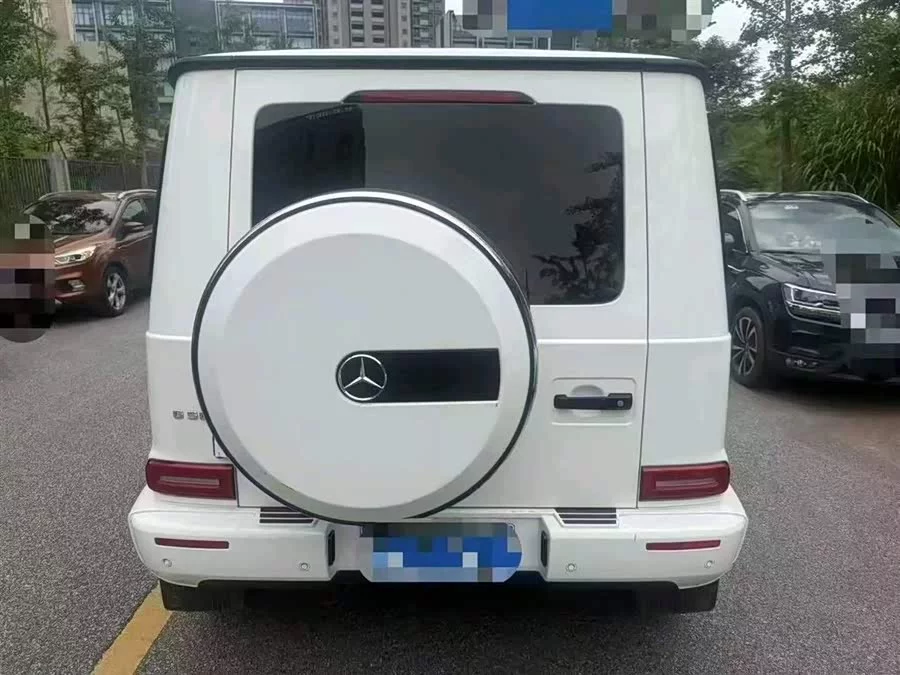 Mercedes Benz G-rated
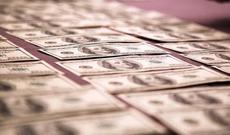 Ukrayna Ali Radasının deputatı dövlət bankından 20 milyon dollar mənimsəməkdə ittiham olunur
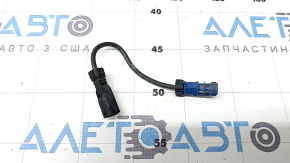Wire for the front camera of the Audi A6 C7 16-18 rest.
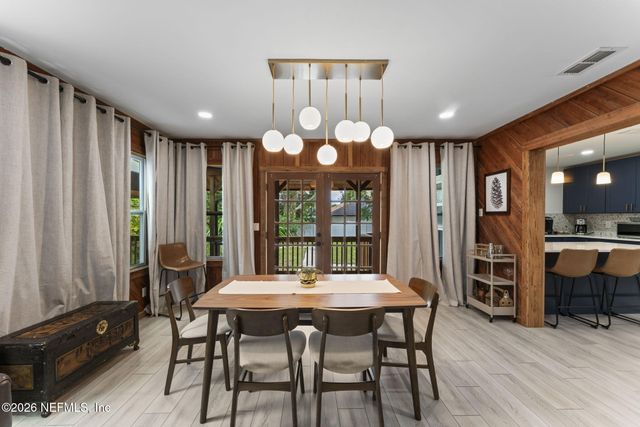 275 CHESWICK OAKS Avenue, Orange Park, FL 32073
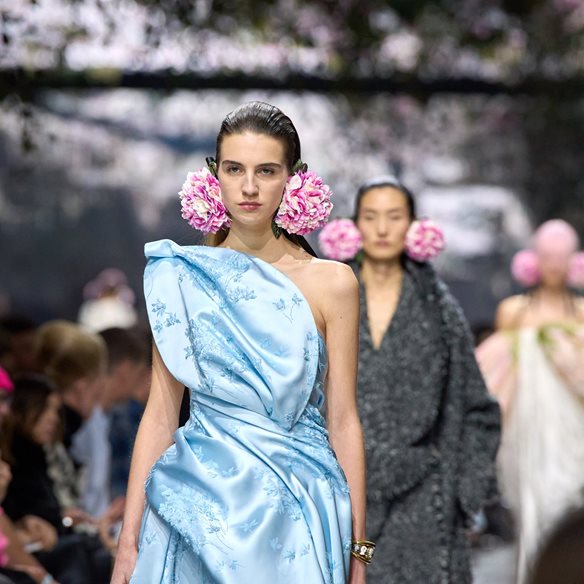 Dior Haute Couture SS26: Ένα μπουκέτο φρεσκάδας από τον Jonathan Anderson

• • • •

Work request:
Please restate each entry exactly, but drop any picture it holds.

Exercise output:
 Mercedes Benz G-rated
 Ukrayna Ali Radasının deputatı dövlət bankından 20 milyon dollar mənimsəməkdə ittiham olunur
Wire for the front camera of the Audi A6 C7 16-18 rest.
 275 CHESWICK OAKS Avenue, Orange Park, FL 32073
 Dior Haute Couture SS26: Ένα μπουκέτο φρεσκάδας από τον Jonathan Anderson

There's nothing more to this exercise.